Rates of childhood overweight and obesity have tripled in the last three decades and continue to rise. Overweight children and adolescents are increasingly at risk for diseases of adults, such as type 2 diabetes, hypertension, and cardiovascular disease. The Institute of Medicine (IOM) describes childhood obesity as being influenced by community, school, and home factors. School-based interventions may improve students’ nutrition and physical activity behaviors while on campus, but programs are needed that can improve these behaviors both during and outside of school time.
In the Mississippi Delta region of Arkansas, many families are poor, lack health insurance, and have high rates of obesity and heart disease. Researchers are conducting a pilot study in five counties of the Delta region to determine the best ways to increase family-school engagement in addressing issues of childhood obesity and overweight.
Researchers will focus on expanding and strengthening community partnerships and create a Childhood Obesity Working Group (COWG) comprising parents, school personnel, and key members of grassroots groups.

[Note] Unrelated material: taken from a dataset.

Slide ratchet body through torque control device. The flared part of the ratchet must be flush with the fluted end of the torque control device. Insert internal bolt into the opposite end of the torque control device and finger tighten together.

The COWG will determine issues parents and schools face in addressing childhood obesity and will identify barriers to collaboration.

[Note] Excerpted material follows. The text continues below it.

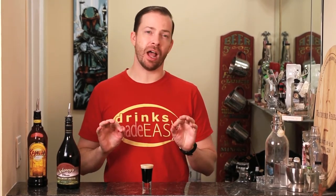Welcome to Drinks Made Easy. Today we're taking a look at the baby Guinness shot, a fantastic option if you're not a big fan of whiskey or beer on St. Patrick's Day or year-round.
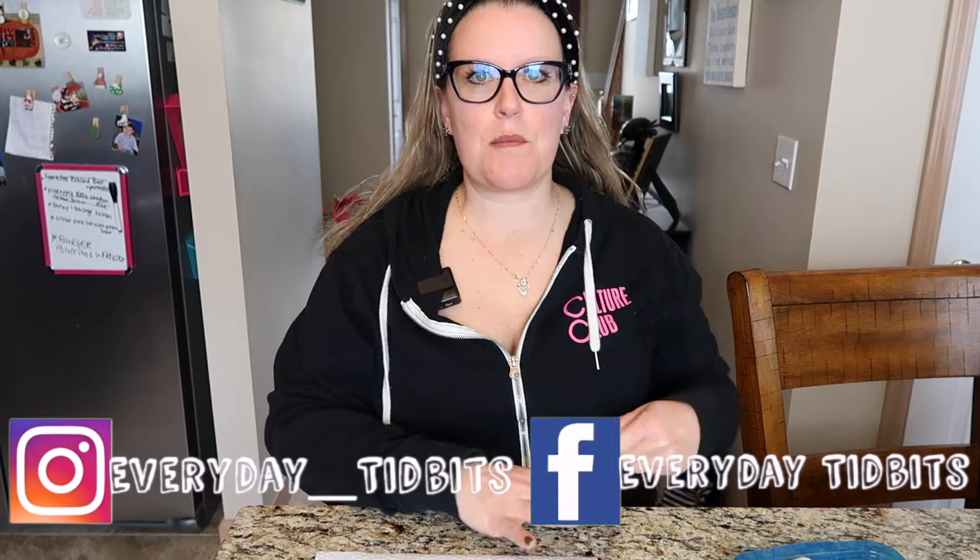Hey guys, this is Chrissy with Everyday Tidbits, welcome back to my channel. Today I'm going to talk about Color Street. I was very skeptical at first — like, what are these, stickers for your nails? But a co-worker of mine sells it, she gave me a sample, I tried it and I was still skeptical because after a few days it was chipping off. But I am a paramedic — I'm very rough on my hands between cleaning, cooking, and all the things.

Information from the work group as well as data from community focus groups will inform the creation of two toolkits, one for parents and one for school personnel. Each toolkit will address options for making changes at home or school and offer strategies for bringing parents and school personnel together for promoting weight management behaviors.
The toolkits will be distributed to parents and school officials and tested for feasibility, acceptability, and use within the target groups. The researchers will also track changes in school policies, changes to the school and home environment, and increases in parents’ and children’s knowledge and behaviors related to nutrition and physical activity. As the materials are tested and revised, researchers will plan the next research phase.